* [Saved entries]
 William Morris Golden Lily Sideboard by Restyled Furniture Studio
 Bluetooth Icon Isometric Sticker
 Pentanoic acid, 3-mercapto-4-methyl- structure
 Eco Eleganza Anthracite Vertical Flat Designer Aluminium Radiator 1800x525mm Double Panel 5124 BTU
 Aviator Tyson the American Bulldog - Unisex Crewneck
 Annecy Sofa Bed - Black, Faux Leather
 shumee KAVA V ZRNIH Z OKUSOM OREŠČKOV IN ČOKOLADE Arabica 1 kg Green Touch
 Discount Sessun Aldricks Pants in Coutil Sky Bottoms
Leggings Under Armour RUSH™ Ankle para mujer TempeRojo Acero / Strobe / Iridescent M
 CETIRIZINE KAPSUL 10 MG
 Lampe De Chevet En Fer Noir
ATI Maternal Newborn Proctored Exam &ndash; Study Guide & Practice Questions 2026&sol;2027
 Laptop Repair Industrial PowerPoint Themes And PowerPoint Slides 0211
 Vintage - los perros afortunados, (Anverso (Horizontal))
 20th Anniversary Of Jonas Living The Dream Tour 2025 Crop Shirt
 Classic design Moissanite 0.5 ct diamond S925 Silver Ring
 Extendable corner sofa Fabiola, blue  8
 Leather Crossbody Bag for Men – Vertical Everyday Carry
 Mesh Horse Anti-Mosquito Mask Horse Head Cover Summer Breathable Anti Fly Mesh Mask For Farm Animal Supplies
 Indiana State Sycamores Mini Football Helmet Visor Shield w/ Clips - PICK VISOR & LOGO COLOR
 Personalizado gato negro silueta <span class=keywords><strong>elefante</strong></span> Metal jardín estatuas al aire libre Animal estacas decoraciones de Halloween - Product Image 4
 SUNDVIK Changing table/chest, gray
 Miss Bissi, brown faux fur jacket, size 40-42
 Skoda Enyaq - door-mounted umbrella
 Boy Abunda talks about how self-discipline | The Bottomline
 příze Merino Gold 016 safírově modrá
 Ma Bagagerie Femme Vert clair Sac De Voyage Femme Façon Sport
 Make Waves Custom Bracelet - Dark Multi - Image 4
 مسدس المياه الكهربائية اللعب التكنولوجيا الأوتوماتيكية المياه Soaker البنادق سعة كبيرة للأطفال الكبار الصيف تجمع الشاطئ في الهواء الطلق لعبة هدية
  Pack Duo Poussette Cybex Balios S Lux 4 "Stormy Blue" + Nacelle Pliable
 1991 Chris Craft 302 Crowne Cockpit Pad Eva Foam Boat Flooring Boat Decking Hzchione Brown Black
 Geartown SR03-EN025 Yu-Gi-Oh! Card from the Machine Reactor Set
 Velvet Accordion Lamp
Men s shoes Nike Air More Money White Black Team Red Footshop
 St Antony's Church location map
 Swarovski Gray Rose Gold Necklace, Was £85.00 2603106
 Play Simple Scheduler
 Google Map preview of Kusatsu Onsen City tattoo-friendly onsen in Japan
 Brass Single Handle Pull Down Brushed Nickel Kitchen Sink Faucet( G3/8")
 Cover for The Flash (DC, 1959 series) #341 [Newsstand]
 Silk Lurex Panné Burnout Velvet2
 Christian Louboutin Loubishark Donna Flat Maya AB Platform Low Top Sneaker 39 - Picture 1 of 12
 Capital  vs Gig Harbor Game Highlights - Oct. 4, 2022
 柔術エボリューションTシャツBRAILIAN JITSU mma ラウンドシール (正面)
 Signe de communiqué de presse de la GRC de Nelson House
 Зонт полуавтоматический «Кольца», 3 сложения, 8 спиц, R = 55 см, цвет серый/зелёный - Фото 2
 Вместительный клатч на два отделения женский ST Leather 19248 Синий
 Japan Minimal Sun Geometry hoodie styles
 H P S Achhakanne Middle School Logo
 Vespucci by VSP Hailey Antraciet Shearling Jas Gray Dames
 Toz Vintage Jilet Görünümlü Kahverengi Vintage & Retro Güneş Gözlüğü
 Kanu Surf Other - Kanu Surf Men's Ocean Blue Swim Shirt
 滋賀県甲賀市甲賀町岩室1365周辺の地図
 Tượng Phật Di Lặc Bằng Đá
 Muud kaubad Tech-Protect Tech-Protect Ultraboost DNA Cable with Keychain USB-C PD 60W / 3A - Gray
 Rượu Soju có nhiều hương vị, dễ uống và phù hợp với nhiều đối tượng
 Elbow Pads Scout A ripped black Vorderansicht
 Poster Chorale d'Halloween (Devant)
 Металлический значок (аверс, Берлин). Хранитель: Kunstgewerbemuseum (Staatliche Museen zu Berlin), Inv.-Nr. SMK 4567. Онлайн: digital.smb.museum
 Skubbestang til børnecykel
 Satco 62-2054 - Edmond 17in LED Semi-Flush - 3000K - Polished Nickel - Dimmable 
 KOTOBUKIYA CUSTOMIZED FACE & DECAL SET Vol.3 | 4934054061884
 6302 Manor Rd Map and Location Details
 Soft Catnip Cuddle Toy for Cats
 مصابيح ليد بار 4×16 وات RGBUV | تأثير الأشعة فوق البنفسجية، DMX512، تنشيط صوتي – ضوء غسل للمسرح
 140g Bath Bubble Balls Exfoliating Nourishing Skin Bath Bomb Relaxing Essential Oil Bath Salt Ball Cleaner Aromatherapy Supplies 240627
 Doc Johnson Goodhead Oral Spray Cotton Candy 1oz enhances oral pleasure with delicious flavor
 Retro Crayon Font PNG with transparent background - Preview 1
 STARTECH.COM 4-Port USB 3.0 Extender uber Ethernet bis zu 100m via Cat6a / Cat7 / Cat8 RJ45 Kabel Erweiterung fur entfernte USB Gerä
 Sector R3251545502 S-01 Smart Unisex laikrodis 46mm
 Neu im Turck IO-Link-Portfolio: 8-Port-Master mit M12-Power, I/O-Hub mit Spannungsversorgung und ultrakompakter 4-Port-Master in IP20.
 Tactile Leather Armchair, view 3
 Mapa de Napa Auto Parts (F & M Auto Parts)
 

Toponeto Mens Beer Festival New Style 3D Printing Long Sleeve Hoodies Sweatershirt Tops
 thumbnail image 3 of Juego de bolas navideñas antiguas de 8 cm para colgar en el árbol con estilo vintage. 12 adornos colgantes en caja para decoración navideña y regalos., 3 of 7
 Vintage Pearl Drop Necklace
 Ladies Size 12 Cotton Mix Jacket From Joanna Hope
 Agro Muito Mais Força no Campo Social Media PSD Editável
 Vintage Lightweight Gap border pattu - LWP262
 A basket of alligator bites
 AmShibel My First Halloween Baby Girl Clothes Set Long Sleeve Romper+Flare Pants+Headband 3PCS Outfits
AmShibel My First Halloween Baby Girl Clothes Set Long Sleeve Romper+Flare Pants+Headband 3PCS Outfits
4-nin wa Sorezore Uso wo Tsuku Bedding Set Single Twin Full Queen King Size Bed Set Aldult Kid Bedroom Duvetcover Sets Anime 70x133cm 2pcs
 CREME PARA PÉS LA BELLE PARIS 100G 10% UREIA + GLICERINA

* [What you have to do] Look over the entries above. Copy every line that contains the word "Leather".

* [Output of the exercise]
 Annecy Sofa Bed - Black, Faux Leather
 Leather Crossbody Bag for Men – Vertical Everyday Carry
 Вместительный клатч на два отделения женский ST Leather 19248 Синий
 Tactile Leather Armchair, view 3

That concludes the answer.